This was a dispute about loan brokerage secured by caveats. The issue before the court was whether the broker was entitled to brokerage of $12,485 or alternatively whether the borrower was entitled to the return of $3,300 which was paid in advance pursuant to the brokerage agreement. Associate Justice Bryson held:
…unless there was some performance and some loan approval was obtained which fitted in with either what was proposed in the Proposal … there could be no entitlement to payment of a fee.
The ordinary approach to entitlement to payment under a commission arrangement such as this is that payment for work done is earned when the commission is fully carried out and completed and, if less is done, no payment is earned unless there are express terms in the retainer agreement overriding this.

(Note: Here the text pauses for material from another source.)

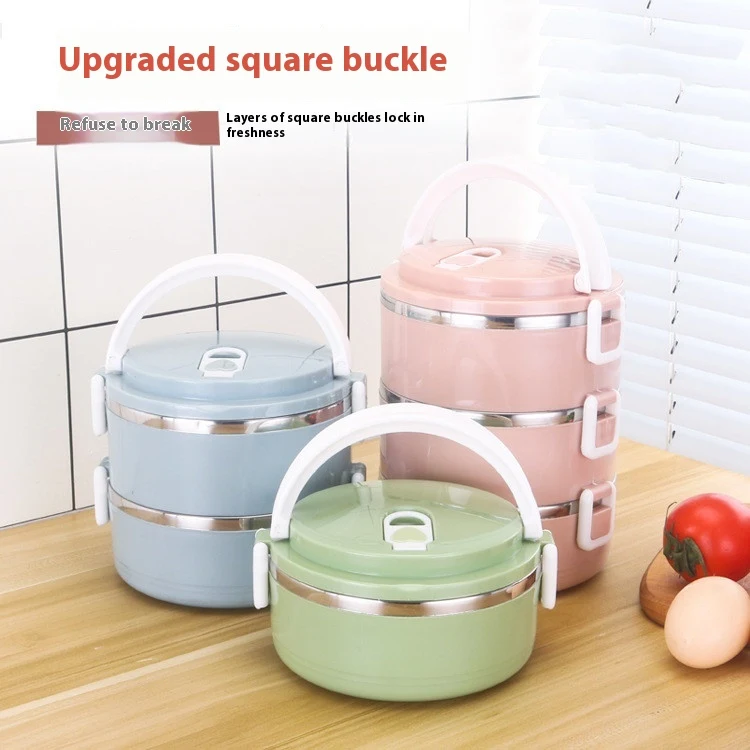 Student Compartment Multi-layer Round Stainless Steel Insulated Lunch Box keeps food fresh, organized, and warm for scho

The retainer agreement contained “Special Conditions”, none of which were fulfilled by the broker. The retainer also provided that commission was payable to the plaintiff upon “delivery of an approval in principle from one of our underwriters”. It was found that the loan structure offered to the defendants by a prospective mortgagee did not constitute an approval in principle as the loan structure differed significantly from what was applied for. It was therefore held that the plaintiff was not entitled to recover the fee of $12,485 and hence that the plaintiff did not have an entitlement to lodge caveats. The broker also had to return the $3300 because it was paid for a consideration which had wholly failed.